What I was referring to was your electoral system, your system of selecting leaders for office.

You mean the way that they rise to the top? The way they’re groomed and the party system? The corporate contributions made to both parties?

All of that, including the actual vote that a citizen makes for or against such a one. What these systems create is a pretty bland, somewhat disempowered individual. At the very least you have people who are able to stand intense media scrutiny so that any little act of individualization in their life gets blown up and into the news of the moment. So there is the tendency to elect people who do not have any character. They don’t have new ideas that have not already been pretty much squashed. That alone is why there’s not a whole lot of difference between the two.

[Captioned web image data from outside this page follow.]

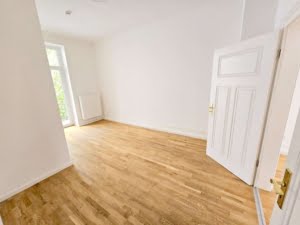 VERMIETET! Altbaucharme pur in Top Lage Sachsenhausen: 4 Zimmerwohnung mit Balkon + Parkett + EBK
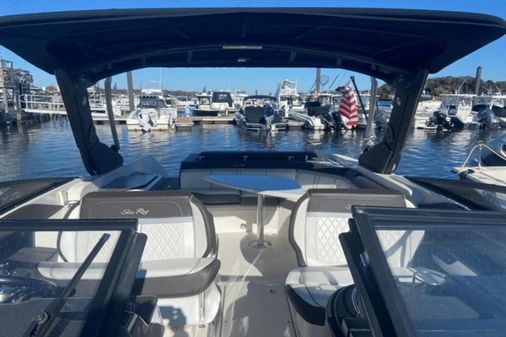 Sea Ray 310 SLX image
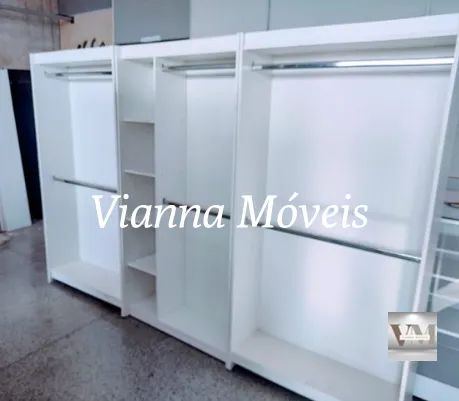 2 Cabideiros Duplos + 1 Cabideiro Duplo com Prateleiras Lateral - MDF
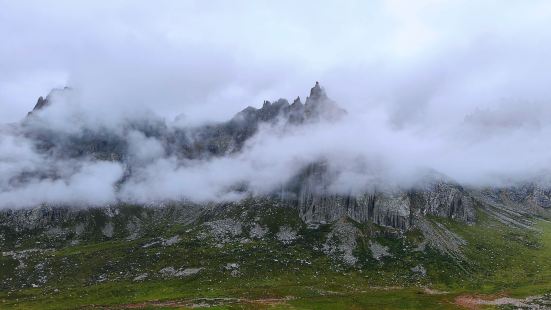 ​年波也则山一侧是青海年保玉则，一侧是四川莲宝叶则，年保玉则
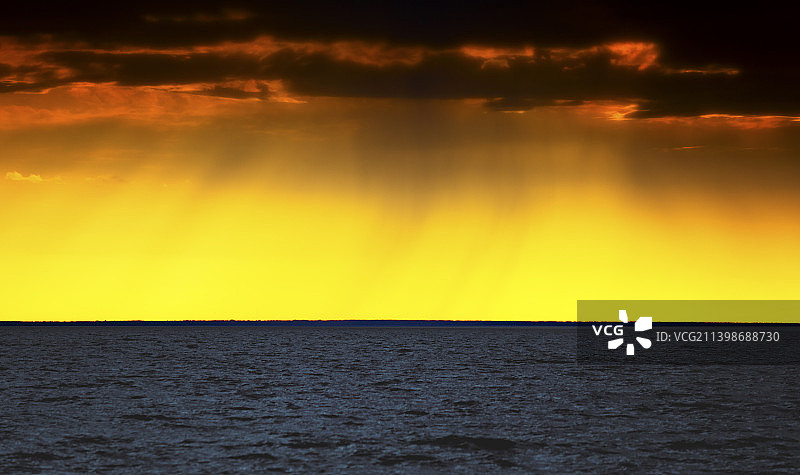 瑞典的橙色天空海景图片素材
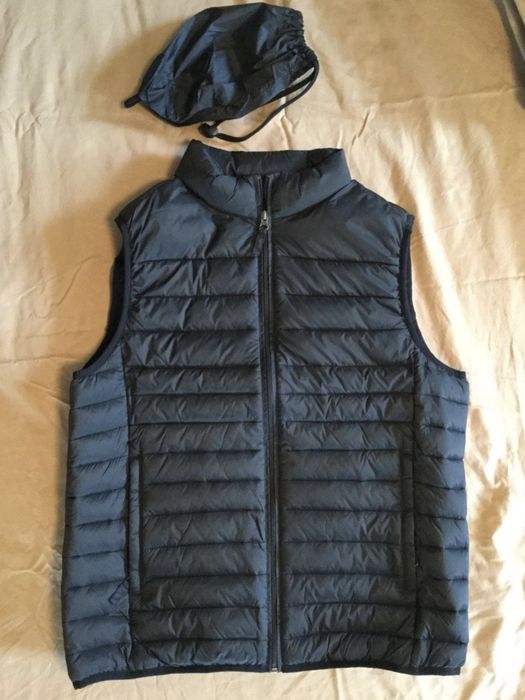 Reviewer photo showing the black vest alongside its carrying pouch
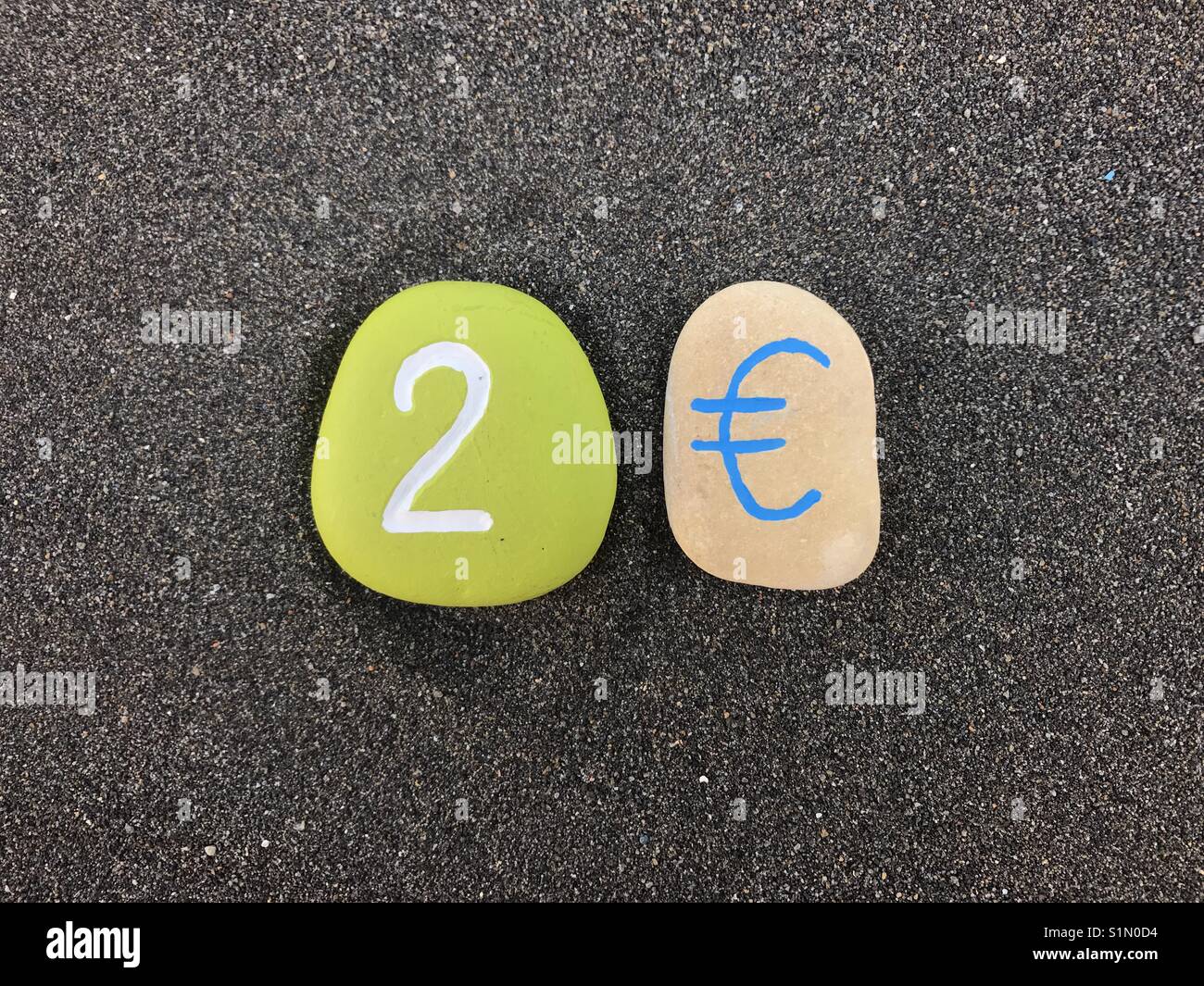 2 Euro mit geschnitzten und farbigen Steinen Stockfoto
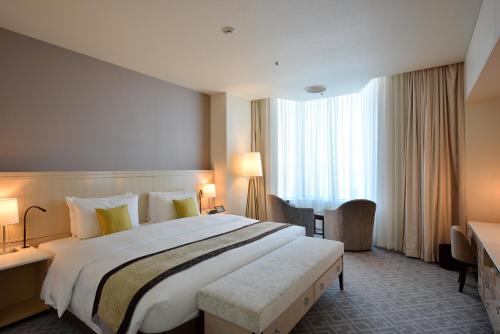 Suite Ático Doble - Planta superior del Edificio Torre Del 31 de diciembre al 2 de enero, se espera que los restaurantes estén concurridos, y la disponibilidad estará sujeta a la capacidad. del hotel Imperial , Tokyo. Foto 1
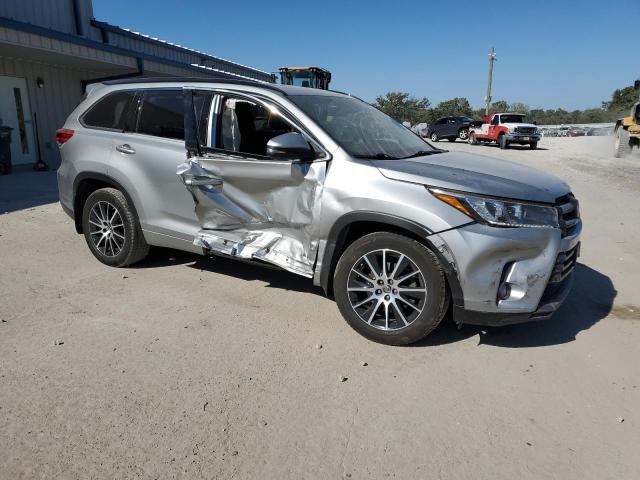 VIN 5TDJZRFH2JS846673 2018 Toyota Highlander, SE no.4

But more than that, your president might lead, but does not in any way rule. Your system is set up to have checks and balances, but what that really means is that anything that gets done has to go through a process of committees and voting that makes Phoenix leadership look efficient!

If the activity levels of interested citizens stays up, the time may come that history looks back on these administrations and says, “That was a pivotal time in this nation’s history because the system was changed for the better after that.”

And was it the circumstances that pushed the people to need to have more power since they realized they had to have the power to change it?

Precisely.

So are you saying that in that sense, the present government may be just what we need?

You buy a pair of shoes and they hurt your feet terribly, so what do you do?

You never buy those shoes again.

All right, you never buy those shoes again, and that’s an answer. But there are other answers. You can take them to a cobbler and have them stretched, maybe. Or you can put a bandage on your own foot where it hurts. There are always choices. If you say, “This is a bad pair of shoes. I’m never buying them again,” and you stick them in the back of your closet, and every time you see them you think of what a waste it was, then you’re just adding to the problem.

This is a time for Americans to have a good look at what they stand for and to decide if they’re going to be run by squeaky wheels or not. Do you want to be heard, or are you happy for somebody else to do the work for you? If you are willing to do that, I can guarantee you that the squeaky wheels will continue, because they will have found that being squeaky works. And what is the squeaky wheel in your country right now? Well it’s a very conservative, religious-leaning minority.